As this roster of incidents lengthened,
Americans grew accustomed to -- perhaps even comfortable with
-- reading in their morning newspapers the latest reports of U.S.
soldiers responding to some crisis somewhere on the other side
of the globe. As crisis became a seemingly permanent condition
so too did war. The Bush administration has tacitly acknowledged
as much in describing the global campaign against terror as a
conflict likely to last decades and in promulgating -- and in
Iraq implementing -- a doctrine of preventive war.
In former times American policymakers
treated (or at least pretended to treat) the use of force as evidence
that diplomacy had failed.

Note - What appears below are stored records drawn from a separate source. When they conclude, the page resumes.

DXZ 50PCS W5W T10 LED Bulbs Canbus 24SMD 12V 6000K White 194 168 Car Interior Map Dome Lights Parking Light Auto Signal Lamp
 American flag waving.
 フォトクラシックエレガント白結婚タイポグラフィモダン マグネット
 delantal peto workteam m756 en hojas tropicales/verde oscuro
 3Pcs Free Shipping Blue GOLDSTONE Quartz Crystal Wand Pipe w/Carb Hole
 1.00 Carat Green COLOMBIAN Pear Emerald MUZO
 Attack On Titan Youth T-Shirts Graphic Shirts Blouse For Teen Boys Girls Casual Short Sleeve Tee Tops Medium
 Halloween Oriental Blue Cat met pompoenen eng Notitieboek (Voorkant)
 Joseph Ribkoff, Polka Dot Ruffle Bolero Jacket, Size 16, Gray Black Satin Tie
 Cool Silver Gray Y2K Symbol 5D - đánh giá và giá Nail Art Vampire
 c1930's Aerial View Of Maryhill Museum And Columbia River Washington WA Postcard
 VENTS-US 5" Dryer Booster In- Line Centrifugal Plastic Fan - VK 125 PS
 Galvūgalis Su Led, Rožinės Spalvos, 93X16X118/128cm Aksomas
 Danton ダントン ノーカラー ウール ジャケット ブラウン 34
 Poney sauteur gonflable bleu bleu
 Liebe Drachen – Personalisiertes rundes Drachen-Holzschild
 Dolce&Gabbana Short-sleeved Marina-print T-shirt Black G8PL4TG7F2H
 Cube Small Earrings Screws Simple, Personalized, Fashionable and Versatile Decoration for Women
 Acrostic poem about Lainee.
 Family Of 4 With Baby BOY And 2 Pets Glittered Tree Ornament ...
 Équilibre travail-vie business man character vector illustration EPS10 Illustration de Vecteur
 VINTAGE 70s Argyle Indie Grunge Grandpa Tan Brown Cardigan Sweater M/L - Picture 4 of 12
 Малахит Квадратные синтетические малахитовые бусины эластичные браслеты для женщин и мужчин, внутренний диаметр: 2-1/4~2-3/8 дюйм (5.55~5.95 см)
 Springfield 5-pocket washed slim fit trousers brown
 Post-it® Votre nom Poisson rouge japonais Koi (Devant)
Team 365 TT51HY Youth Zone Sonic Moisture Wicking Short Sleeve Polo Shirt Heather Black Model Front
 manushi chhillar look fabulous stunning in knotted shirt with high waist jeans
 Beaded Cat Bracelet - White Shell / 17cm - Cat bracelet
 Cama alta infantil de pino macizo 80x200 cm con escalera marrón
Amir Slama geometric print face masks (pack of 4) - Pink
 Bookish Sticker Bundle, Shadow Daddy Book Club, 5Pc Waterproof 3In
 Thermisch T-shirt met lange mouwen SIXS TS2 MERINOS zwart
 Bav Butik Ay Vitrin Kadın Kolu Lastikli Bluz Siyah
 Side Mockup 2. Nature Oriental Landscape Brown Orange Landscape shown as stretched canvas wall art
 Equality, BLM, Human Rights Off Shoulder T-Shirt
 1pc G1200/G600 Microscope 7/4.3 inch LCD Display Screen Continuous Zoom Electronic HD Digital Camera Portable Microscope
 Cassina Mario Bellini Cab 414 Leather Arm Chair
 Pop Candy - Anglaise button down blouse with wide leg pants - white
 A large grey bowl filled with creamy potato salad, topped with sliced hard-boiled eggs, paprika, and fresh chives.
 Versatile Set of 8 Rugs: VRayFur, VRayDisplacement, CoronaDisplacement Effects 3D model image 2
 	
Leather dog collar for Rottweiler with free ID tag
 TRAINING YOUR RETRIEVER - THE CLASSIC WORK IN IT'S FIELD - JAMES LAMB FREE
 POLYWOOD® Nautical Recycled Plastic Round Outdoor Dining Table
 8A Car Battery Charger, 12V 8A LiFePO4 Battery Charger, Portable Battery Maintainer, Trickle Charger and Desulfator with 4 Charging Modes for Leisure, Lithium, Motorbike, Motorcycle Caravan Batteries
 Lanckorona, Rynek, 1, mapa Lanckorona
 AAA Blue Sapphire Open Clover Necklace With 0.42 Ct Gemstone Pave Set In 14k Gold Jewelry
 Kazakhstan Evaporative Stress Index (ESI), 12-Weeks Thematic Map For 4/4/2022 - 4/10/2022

In our own time they have concluded
(in the words of Vice President Dick Cheney) that force "makes
your diplomacy more effective going forward, dealing with other
problems." Policymakers have increasingly come to see coercion
as a sort of all-purpose tool. Among American war planners, the
assumption has now taken root that whenever and wherever U.S.
forces next engage in hostilities, it will be the result of the
United States consciously choosing to launch a war. As President
Bush has remarked, the big lesson of 9/11 was that "this
country must go on the offense and stay on the offense."
The American public's ready acceptance of the prospect of war
without foreseeable end and of a policy that abandons even the
pretense of the United States fighting defensively or viewing
war as a last resort shows clearly how far the process of militarization
The New Aesthetic of War
Reinforcing this heightened predilection
for arms has been the appearance in recent years of a new aesthetic
of war. This is the third indication of advancing militarism.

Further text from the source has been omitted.